Monday, June 18, 2007

From the pamphlet A Member's Eye View of Alcoholics Anonymous

There must come a day, it seems to me, when every alcoholic, in or out of A.A., finally sits down in the presence of his enemies. When he does, he will be amazed to discover that he is attending a meeting of one - himself. The day the alcoholic in A.A. realizes that his enemy is within, that the tigers are largely creatures of his own design and lurk in his own unconscious, that is the day when for him A.A. becomes what I believe its founders meant it to be: a flight into reality.

Friday, June 08, 2007

Science versus Spirituality

I heard someone share the other night that science could only make a drug that will make you throw up if you drink or a drug that would dampen your high. Because of this, the AA member concluded that the "spiritual" program would always be needed to help alcohol addicts in their recovery. I believe this is a "straw man" that trivializes or "absurdifies" an opponent's position, in order to trounce the opponent with one's superior logic. Current epigenomic studies – through use of methyls and histones – may provide the basis for completely nullifying the genes that create problem drinking. In such case, AA may find itself in a crisis of relevance. Only blind organizational loyalty would denounce a real cure for alcoholism that does not involve AA literature or practice.

However, it may suprise you that science is a "spiritual" way of life. It requires great discipline, courage, and humility of spirit. It is no accident that many of the great scientists began as religious devotees. (E.g., Copernicus, Newton, Mendel, Darwin.)


Science requires its devotees to maintain a state of pragmatic disbelief. Every theory about how things are is maintained as a working hypothesis. These theories may be beloved to the devotee because of time spent working these theories out, but the devotee must always be willing to discard pet theories when they cease accounting for observed phenomena. The devotee is prohibited from saying "This is the case," but is only permitted to say "This seems the case," or "This accounts for all observed phenomena to date."


Science is concerned with understanding the nature of how things behave. Things include people, souls, ghosts, myths, bigotry, fraud, and all the goings-on in a human brain. Nietzsche suggested that all science is revenge against the past. How do we prevent another Hurricane Katrina catastrophe? How do we "don't get fooled again"? Science has developed a highly tuned sense of description that seeks to prevent ambiguity and arguments that are untestable.
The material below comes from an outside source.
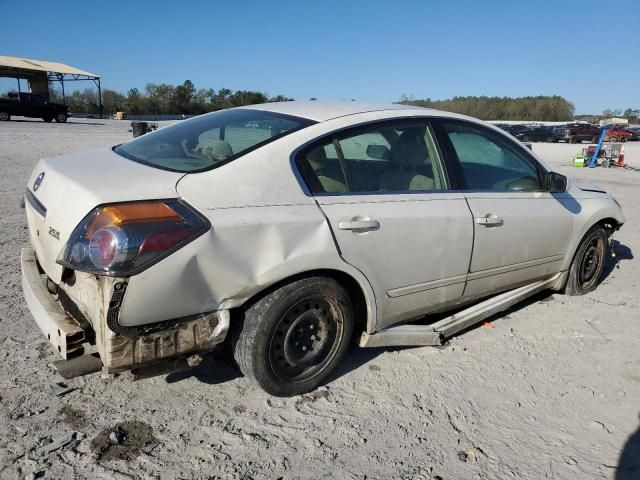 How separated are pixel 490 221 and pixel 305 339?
154 centimetres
Science uses the discipline of logic to search for inconsistencies and to weed them out. It's not that science has removed inconsistencies – only that science is aware of them and is disturbed by them. The current state of physics involves a search to reconcile the inconsistent theories of relativity and quantum mechanics. These two sets of understanding both work amazingly well in their area of inquiry, but they cannot both be true. Science knows this, does not deny this, but science seeks to find a theory that can account for both sets of phenomena. The disciplined mind does not settle for fuzzy definitions and theories that are so loose that they are virtually trivialisms. The disciplined mind searches for a theory and then proceeds to knock it down.
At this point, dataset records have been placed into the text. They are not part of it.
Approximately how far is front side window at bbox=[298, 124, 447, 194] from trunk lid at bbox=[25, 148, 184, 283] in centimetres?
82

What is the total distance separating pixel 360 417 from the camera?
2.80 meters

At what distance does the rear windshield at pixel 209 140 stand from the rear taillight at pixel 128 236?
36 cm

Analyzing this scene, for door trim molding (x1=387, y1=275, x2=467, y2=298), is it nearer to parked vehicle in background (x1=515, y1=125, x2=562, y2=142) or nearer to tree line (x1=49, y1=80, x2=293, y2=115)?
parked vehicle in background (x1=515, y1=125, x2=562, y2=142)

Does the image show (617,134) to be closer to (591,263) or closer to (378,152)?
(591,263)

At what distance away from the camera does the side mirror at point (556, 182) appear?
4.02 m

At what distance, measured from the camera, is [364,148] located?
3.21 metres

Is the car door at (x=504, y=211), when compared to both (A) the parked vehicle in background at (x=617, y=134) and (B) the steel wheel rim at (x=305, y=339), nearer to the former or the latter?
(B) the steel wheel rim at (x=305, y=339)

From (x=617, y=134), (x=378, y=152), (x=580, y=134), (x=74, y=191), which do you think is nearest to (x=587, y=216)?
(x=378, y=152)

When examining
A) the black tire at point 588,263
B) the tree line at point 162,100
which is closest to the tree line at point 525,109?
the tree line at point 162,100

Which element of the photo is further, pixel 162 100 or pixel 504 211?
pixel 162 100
If you meet Buddha on the road... kill him.


The devotee is required both to work on creating theories, fleshing them out, and then attacking them. Science tries to eat its young. This reminds me of an ancient Israelite custom of taking in the Passover lamb and raising it as a pet the year before its sacrifice. The family doted over the lamb, the children would sleep with it, but on Passover, the family would take its pet to be slaughtered. A scientist must do the same with the theories that the scientist slaves over. Once a satisfying theory is found, the theory must be tested and retested. Every time the theory withstands the test, the scientist is elated. But each time, the scientist must brace for the theory's collapse.
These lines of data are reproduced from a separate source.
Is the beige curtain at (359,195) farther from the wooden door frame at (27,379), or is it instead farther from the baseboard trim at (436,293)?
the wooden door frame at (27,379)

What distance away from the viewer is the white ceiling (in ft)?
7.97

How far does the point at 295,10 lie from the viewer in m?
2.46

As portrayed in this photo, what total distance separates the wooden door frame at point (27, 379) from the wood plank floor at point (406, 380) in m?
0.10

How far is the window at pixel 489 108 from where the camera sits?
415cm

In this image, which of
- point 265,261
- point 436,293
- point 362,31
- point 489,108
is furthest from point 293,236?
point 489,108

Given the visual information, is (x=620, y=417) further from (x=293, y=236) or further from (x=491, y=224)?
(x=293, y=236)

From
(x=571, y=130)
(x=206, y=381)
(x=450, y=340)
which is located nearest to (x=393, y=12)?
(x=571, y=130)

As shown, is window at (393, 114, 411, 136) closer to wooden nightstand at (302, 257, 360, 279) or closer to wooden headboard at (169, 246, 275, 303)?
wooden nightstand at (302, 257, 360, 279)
The scientist, above all, respects reality. To the scientist, reality consists of all observations by anyone at anytime. Some observations are already couched in the terms of a discounted theory, (e.g., a "sunrise") but the scientist must explain the observations of ghosts, unicorns, the flatness of the earth, and any other description of events – honest or not. But just because a scientist must account for such described observations does not mean that the scientist has to accept the observer's explanation of the observation. The scientist must attempt to fit the observation into other tried and trusted tropes of explanation.


We recovering alcohol addicts have found techniques and "gimmicks" that seem to have helped us overcome our cravings. Some of these techniques have been tested in repeated settings and are found to help a certain group of drunks in certain situations. But we must also take pains to recognize and account for the times when these techniques fail. We must catalog them and search for alternative techniques to treat these program-resistant drunks. If AA really holds that service helps to keep one sober, then AA will have to move out of the drunk's way when the drunk isn't helped by AA's literature or program. Intellectual humility and courage demand that we widen AA's scope.